Hace poco me sorprendí de lo mucho que quedó de Chávez en los venezolanos. Inmediatamente después pensé que quizás el llamado “comandante supremo” no fue más que la consumación del espíritu o la conducta totalitaria de los venezolanos.
Llegué a esta conclusión después de un desafortunado incidente en la oficina de una empresa internacional de seguros en Caracas. Una mujer muy bien vestida entró y tomó número para su diligencia. Apenas pisó el local fue abordada por otra mujer que trabajaba en la oficina como personal de seguridad, y le indicó que no podría entrar de nuevo vistiendo pantalones cortos a las oficinas de la empresa. La mujer se quedó sorprendida. El resto de las personas que esperaban sentadas hundieron sus cabezas en las revistas, libros o celulares que ocupaban sus manos. Yo no pude.

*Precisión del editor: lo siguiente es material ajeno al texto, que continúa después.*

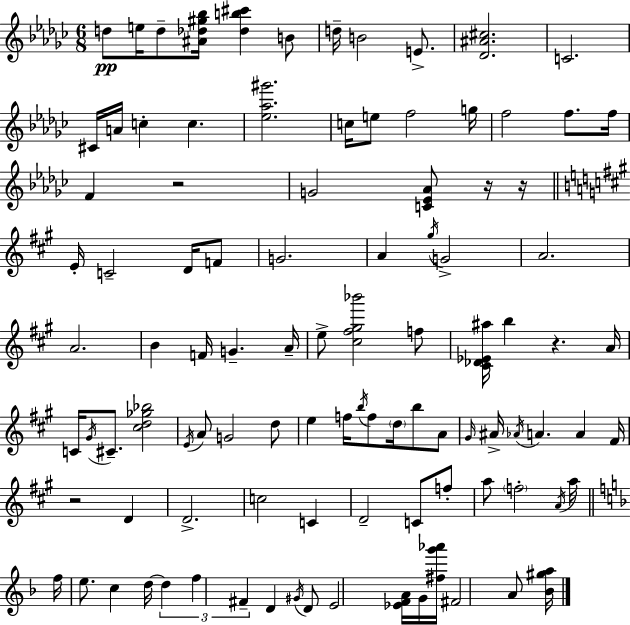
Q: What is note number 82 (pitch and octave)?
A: G4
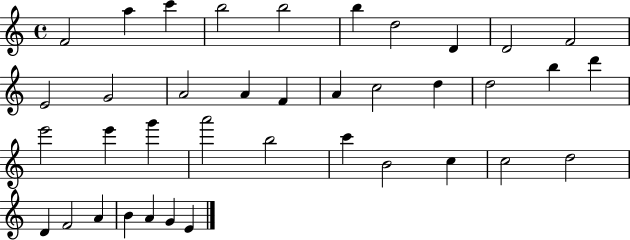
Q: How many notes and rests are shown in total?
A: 38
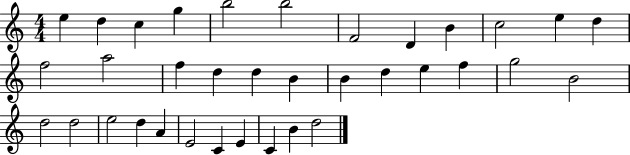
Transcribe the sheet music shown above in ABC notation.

X:1
T:Untitled
M:4/4
L:1/4
K:C
e d c g b2 b2 F2 D B c2 e d f2 a2 f d d B B d e f g2 B2 d2 d2 e2 d A E2 C E C B d2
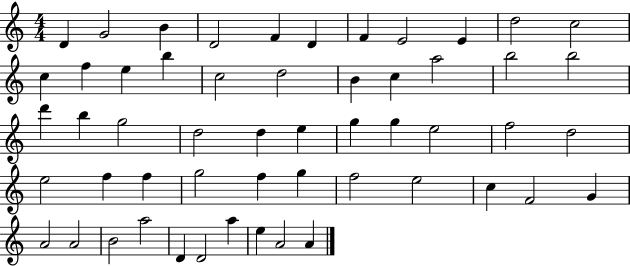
D4/q G4/h B4/q D4/h F4/q D4/q F4/q E4/h E4/q D5/h C5/h C5/q F5/q E5/q B5/q C5/h D5/h B4/q C5/q A5/h B5/h B5/h D6/q B5/q G5/h D5/h D5/q E5/q G5/q G5/q E5/h F5/h D5/h E5/h F5/q F5/q G5/h F5/q G5/q F5/h E5/h C5/q F4/h G4/q A4/h A4/h B4/h A5/h D4/q D4/h A5/q E5/q A4/h A4/q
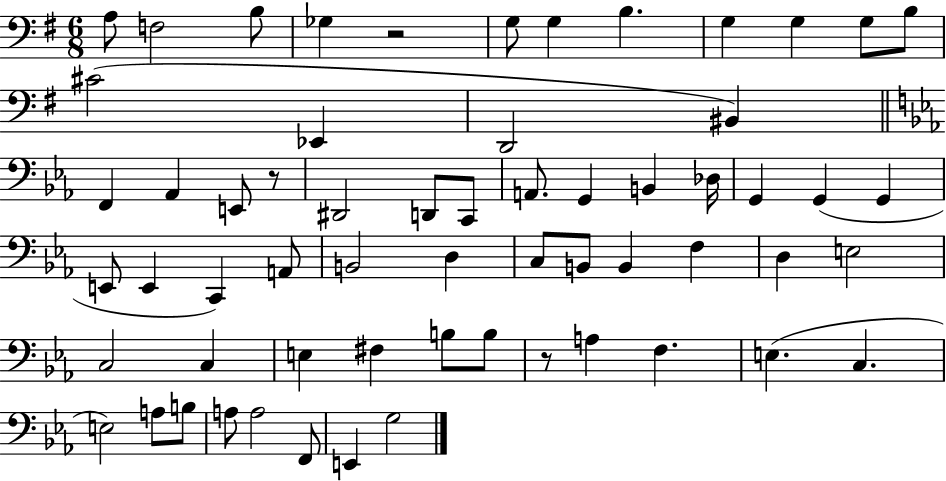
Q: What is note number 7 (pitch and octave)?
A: B3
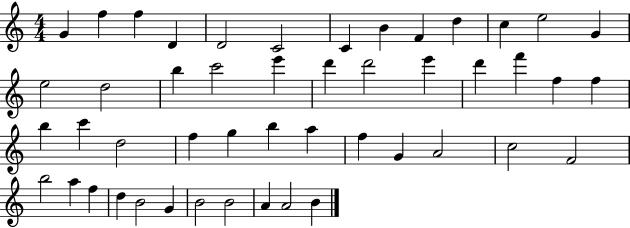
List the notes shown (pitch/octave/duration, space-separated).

G4/q F5/q F5/q D4/q D4/h C4/h C4/q B4/q F4/q D5/q C5/q E5/h G4/q E5/h D5/h B5/q C6/h E6/q D6/q D6/h E6/q D6/q F6/q F5/q F5/q B5/q C6/q D5/h F5/q G5/q B5/q A5/q F5/q G4/q A4/h C5/h F4/h B5/h A5/q F5/q D5/q B4/h G4/q B4/h B4/h A4/q A4/h B4/q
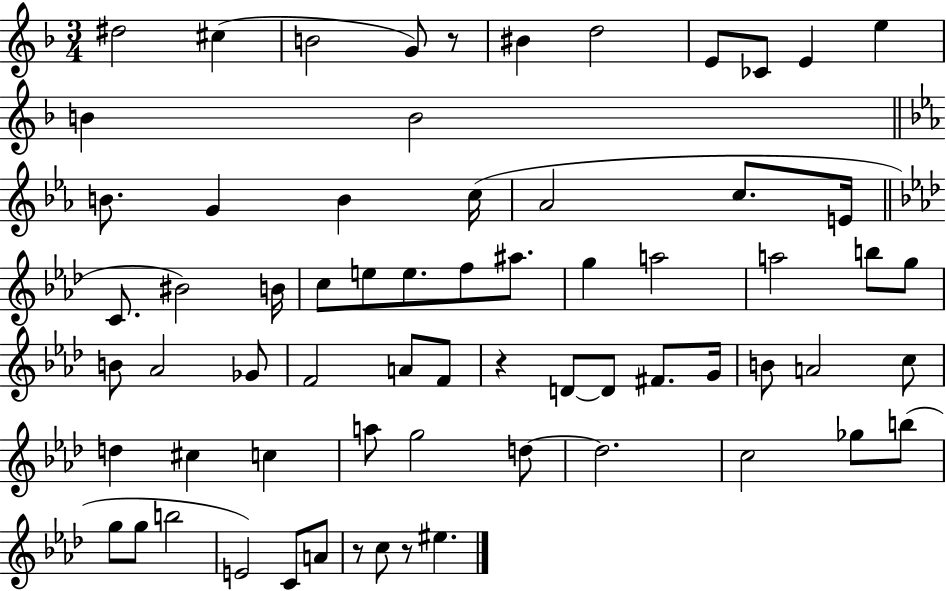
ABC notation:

X:1
T:Untitled
M:3/4
L:1/4
K:F
^d2 ^c B2 G/2 z/2 ^B d2 E/2 _C/2 E e B B2 B/2 G B c/4 _A2 c/2 E/4 C/2 ^B2 B/4 c/2 e/2 e/2 f/2 ^a/2 g a2 a2 b/2 g/2 B/2 _A2 _G/2 F2 A/2 F/2 z D/2 D/2 ^F/2 G/4 B/2 A2 c/2 d ^c c a/2 g2 d/2 d2 c2 _g/2 b/2 g/2 g/2 b2 E2 C/2 A/2 z/2 c/2 z/2 ^e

Hablé con la mujer vigilante y le pregunté “¿Cómo es la cosa?”. Al ratificarme lo que había oído, me explica que recientemente muchas mujeres habían entrado al lugar con pantalones muy cortos y que el asunto podría traer problemas. Yo me quedo sin entender y le aseguro que en la Constitución de Venezuela nunca se habla de “códigos de vestimenta”, y menos se indica el derecho a usar atuendos de acuerdo al sexo del ciudadano. La pobre mujer —increpada por mí— aseguró que la empresa quiere prevenir altercados, pues en otras oportunidades hombres que acuden a la oficina se quedan viendo a las jóvenes voluptuosas en shorts con ojos de perros hambrientos, y la empresa no quiere que “pase nada malo ni se abuse de alguna persona en sus instalaciones”.

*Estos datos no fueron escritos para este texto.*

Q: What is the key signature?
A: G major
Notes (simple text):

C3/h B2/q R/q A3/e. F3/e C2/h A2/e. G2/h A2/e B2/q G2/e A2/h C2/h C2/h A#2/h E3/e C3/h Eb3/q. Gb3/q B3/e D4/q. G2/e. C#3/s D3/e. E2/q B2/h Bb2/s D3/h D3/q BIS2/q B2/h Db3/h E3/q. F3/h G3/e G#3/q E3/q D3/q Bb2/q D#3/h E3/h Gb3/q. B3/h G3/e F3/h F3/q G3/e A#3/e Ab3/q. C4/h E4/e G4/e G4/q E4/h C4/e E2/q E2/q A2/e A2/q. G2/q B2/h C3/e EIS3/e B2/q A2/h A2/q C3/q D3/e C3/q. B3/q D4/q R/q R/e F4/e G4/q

En seguida veo la cara del resto de las mujeres sentadas en la oficina. Todas se concentraron en el tema. Yo dije: “Creo que a todo el mundo le quedó un pedacito de Chávez dentro, porque ahora cualquiera se cree en la posición de restringirle derechos a los demás”. Varios asintieron en señal de aprobación, pero otros aseguraban que los pantalones cortos tampoco eran el atuendo adecuado para salir a la calle a hacer alguna diligencia. Inició el debate colectivo.

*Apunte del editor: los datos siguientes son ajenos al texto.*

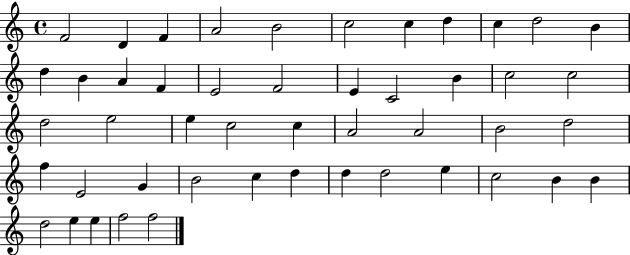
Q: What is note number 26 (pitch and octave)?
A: C5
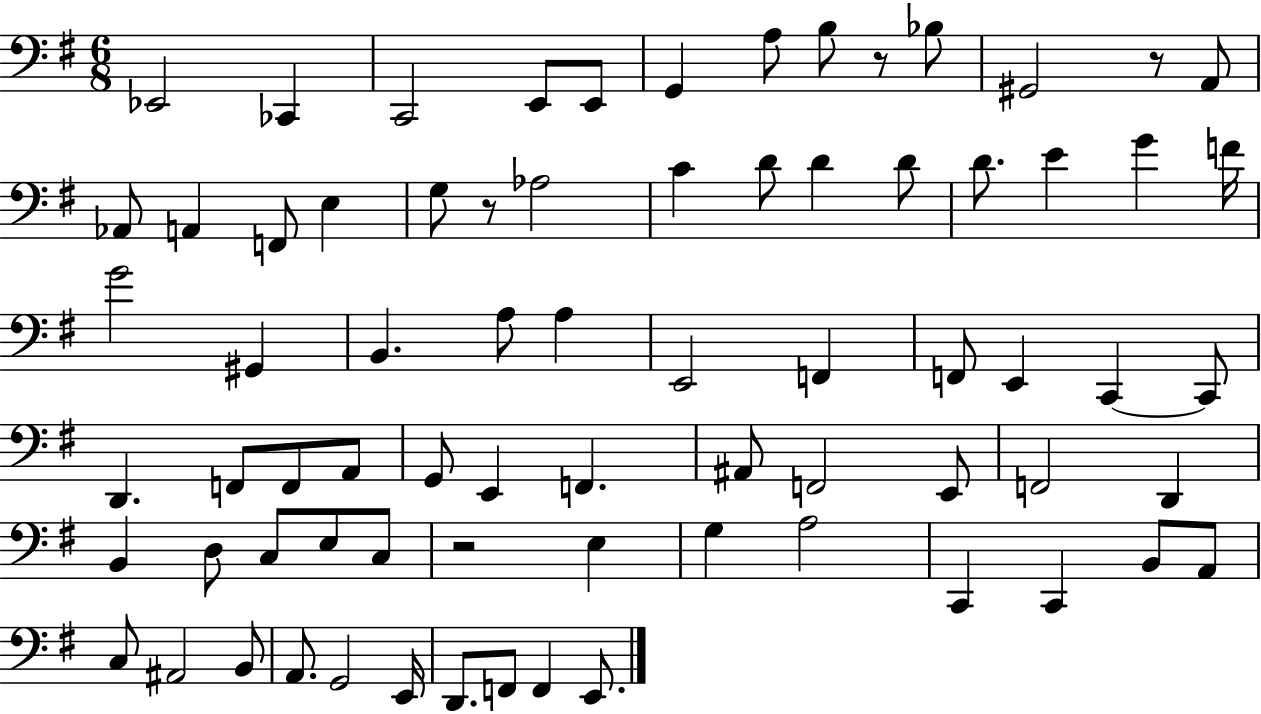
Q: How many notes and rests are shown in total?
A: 74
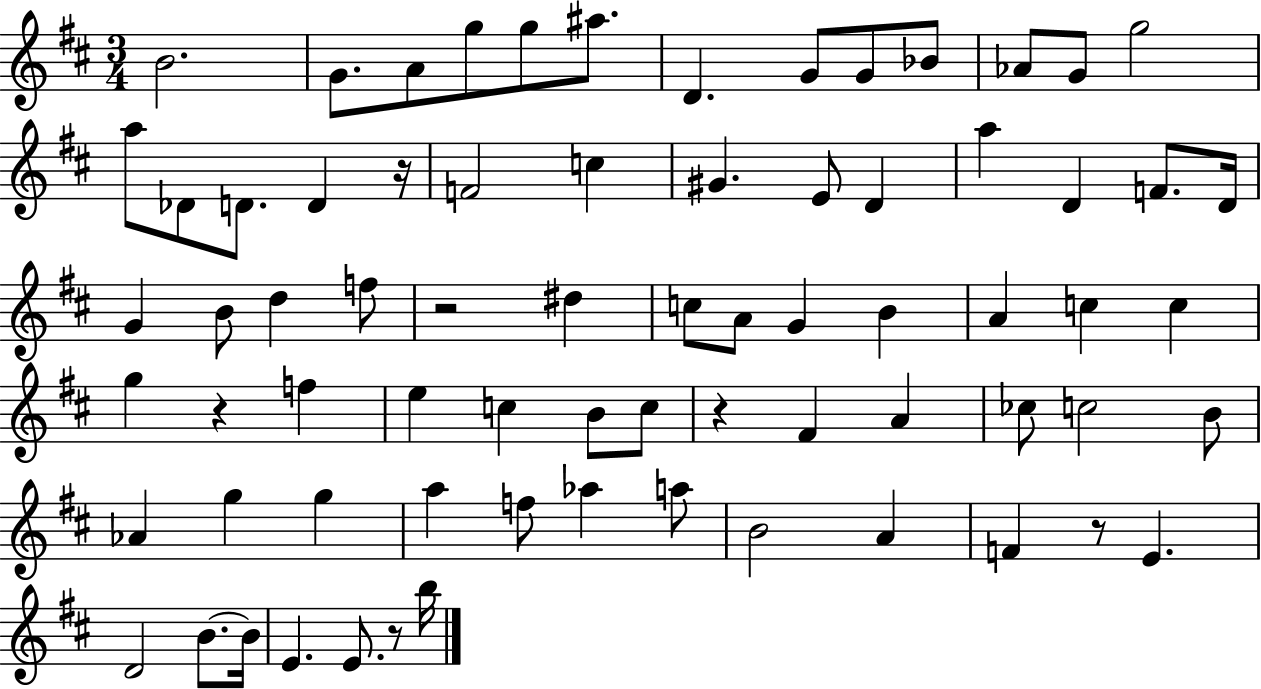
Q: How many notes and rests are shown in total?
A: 72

Para mi disgusto, muchas personas apoyaron la idea de que para prevenir un abuso se justificaba la restricción de un derecho. “Habrá que poner un aviso de ‘prohibido faltar el respeto’ en vez de ‘prohibido mostrar las piernas’”, dije yo, pero la mayoría seguía en el discurso de que es “mejor prevenir” y que “no está bien visto entrar a lugares serios con shorts o faldas cortas”. Nunca nadie habló de lo que sucedería si un hombre entraba con el mismo atuendo. La representante de la empresa siempre insistió en el alegato machista (¡que en el fondo culpa a la mujer de tener nalgas!) y yo aseguré que cada quien tiene derecho a vestirse como quiera.
Después de eso no continué la discusión, pues me di cuenta que las mismas mujeres estaban enceguecidas y justificaban la pérdida de su derechos con tal de mantenerse dentro de la visión mayoritaria y “bien vista” del asunto.
El suceso me dio un flashback histórico a 1992, cuando Hugo Chávez intentó dar un golpe de Estado militar al entonces presidente de Venezuela, Carlos Andrés Pérez. Yo apenas tenía tres años, pero un amigo periodista, Alonso Moleiro, una vez me comentó que se impresionaba en aquel entonces de cómo la gente aplaudía el hecho bajo el argumento de que el gobierno elegido era corrupto y el país andaba mal, y sin embargo criticaron muy poco la conducta antidemocrática del golpista a quien después hicieron presidente de la República (a través de elecciones libres). Como con el suceso de los shorts, ganó la dictadura de la mayoría porque los venezolanos no se toman en serio la democracia.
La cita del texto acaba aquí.